Ad aderire al Piano strategico nazionale sono sempre più enti centrali e locali, segno che c’è voglia di accelerare la transizione digitale. Ma l’idea del governo è di sfruttare le big tech americane solo come fornitori, lasciando la gestione dei dati alle aziende italiane. Una cautela che rischia però di disincentivare gli investimenti, che vanno altrove come dimostra il piano che Google ha per la Germania
A leggere i dati verrebbe da sorridere: negli ultimi due anni, le amministrazioni centrali e locali che hanno aderito al cloud di Stato del Polo strategico nazionale sono state 456. Se prima erano 120, oggi sono 576, ovvero 211 PA centrali, 221 PA locali e 144 tra Asl e aziende ospedaliere.

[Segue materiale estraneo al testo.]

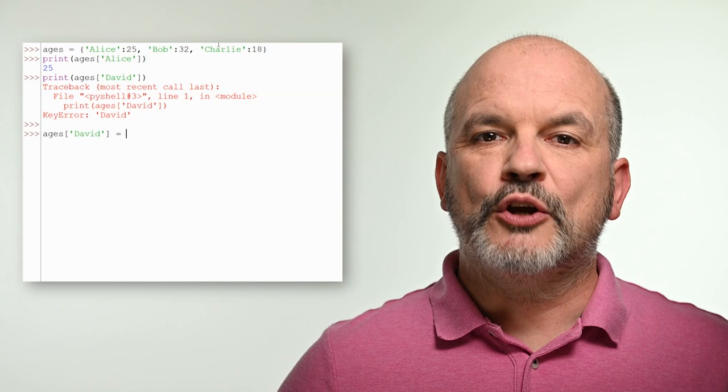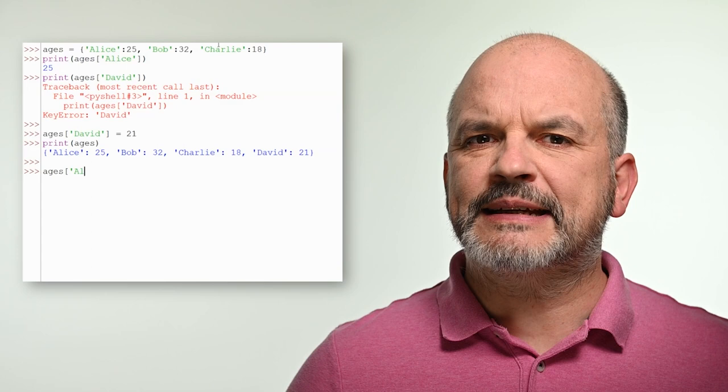For example, trying to get the age of David will raise an exception because there is no key David in the dictionary. To add a new key-value pair to a dictionary, we simply assign a value to a new key using the assignment operator. For example, adding David's age to the dictionary will create a new entry with the key David and the value 21. We can also update the value of an existing key by assigning a new value to it, like changing Alice's age to 26, which will replace the old value of 25 with the new value of 26.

I contratti chiusi, scrive Il Sole 24 Ore, hanno una durata di dieci anni e ammontano a 3,6 miliardi di euro. Un bel numero, che dimostra come la Pubblica Amministrazione stia recependo la Strategia nazionale emanata dal governo di Giorgia Meloni. L’obiettivo dichiarato è di svecchiare la macchina burocratica italiana, tradizionalmente nota per la sua farraginosità. A trasformarla dovrebbe essere la digitalizzazione in corso, come avviene anche in Europa. Con una differenza sostanziale però, che impedisce di essere contenti fino in fondo.

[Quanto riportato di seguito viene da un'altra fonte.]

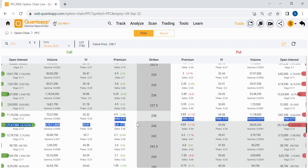Anyone who has signed up on Quants App has access to this free option chain, which updates in real time. If you haven't signed up yet, the link is in the description box below.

Il Psn italiano è affidato a quattro aziende – Tim, Leonardo, Cdp Equity e Sogei – che garantiscono la protezione dei dati immagazzinati, mentre le grandi aziende tech sono utilizzate solamente come fornitori. Amazon Web Service, Google Cloud, Azure e Oracle e via dicendo non possono gestire quei dati, come invece vorrebbe il Cloud Act varato nel 2018 dagli Stati Uniti che consente alle autorità americane di gestirli accedervi ovunque essi si trovino. In Italia, insomma, non può accadere quello che è successo in Germania giusto qualche settimana fa.

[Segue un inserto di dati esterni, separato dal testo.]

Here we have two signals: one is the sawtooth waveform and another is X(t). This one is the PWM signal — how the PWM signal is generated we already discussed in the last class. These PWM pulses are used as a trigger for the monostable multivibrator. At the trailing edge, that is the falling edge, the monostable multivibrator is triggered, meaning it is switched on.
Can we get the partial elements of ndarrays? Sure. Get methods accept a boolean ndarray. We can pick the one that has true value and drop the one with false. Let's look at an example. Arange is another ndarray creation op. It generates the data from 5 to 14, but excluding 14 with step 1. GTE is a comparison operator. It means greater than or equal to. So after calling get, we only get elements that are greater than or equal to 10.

A novembre, Google ha infatti annunciato un investimento da 5,5 miliardi di euro con cui tra il 2026 e il 2029 verranno costruite infrastrutture nel Paese. Compresi il nuovo data center che dovrebbe sorgere a Dietzenbach, altri investimenti nel campus di Hanau e l’allargamento delle sedi di Berlino, Francoforte e Monaco. Un’iniezione, quella di Google, che contribuirà in media per oltre 1 miliardo di euro al Pil tedesco e a 9.000 posti di lavoro. L’esultanza del ministro delle Finanze, Lars Klingbeil, è comprensibile: “Gli investimenti multimiliardari di Google sono veri e propri investimenti a prova di futuro: nell’innovazione, nell’intelligenza artificiale e nella trasformazione climaticamente neutrale. Si tratta di investimenti per i posti di lavoro del futuro in Germania. È esattamente ciò di cui abbiamo bisogno in questo momento”, afferma promettendo che “oltre ai nostri investimenti pubblici, vogliamo mobilitare molti più investimenti privati. La Germania è una sede attraente per gli investitori di tutto il mondo. Siamo forti nella ricerca, forti nell’innovazione e disponiamo di lavoratori altamente qualificati. Per questo sono lieto che Google abbia scelto di investire così tanto in Germania”.
In Europa c’è quindi concordanza rispetto alla suggestione di una sovranità digitale comunitaria, come dimostra la dichiarazione di Berlino firmata la scorsa settimana. Ma coesistono anche più approcci alla questione. Quello tedesco, come visto, differisce da quello italiano. Per capire quale sia meglio, bisogna partire dalle necessità. Nell’Unione europea, ad esempio, servono circa 400 miliardi di euro di investimenti nel cloud entro la fine dei data center per costruire nuove infrastrutture (alias, data center). Soldi che devono ovviamente essere racimolati e che possono essere garantiti soprattutto dalle big tech statunitense.
Serve dunque un ripensamento, o meglio un passo indietro per compierne due avanti. A suggerirlo è anche l’ennesimo monito lanciato da Mario Draghi. Intervenendo alla cerimonia di apertura dell’anno accademico del Politecnico di Milano, l’ex presidente del Consiglio e della Banca Centrale Europea afferma che l’Ue è davanti al suo “momento della verità”, per cui è chiamata a un cambio di passo. Più precisamente, a una regolamentazione più flessibile che impedisca al gruppo dei 27 di rimanere fermo e perdere leadership internazionale. “Una politica efficace in condizioni di incertezza richiede adattabilità, cioè rivedere le ipotesi e adeguare rapidamente le regole man mano che emergono evidenze concrete sui rischi e i benefici. È qui che l’Europa si è inceppata”. E da qui deve ripartire, senza dare alcunché di scontato a priori.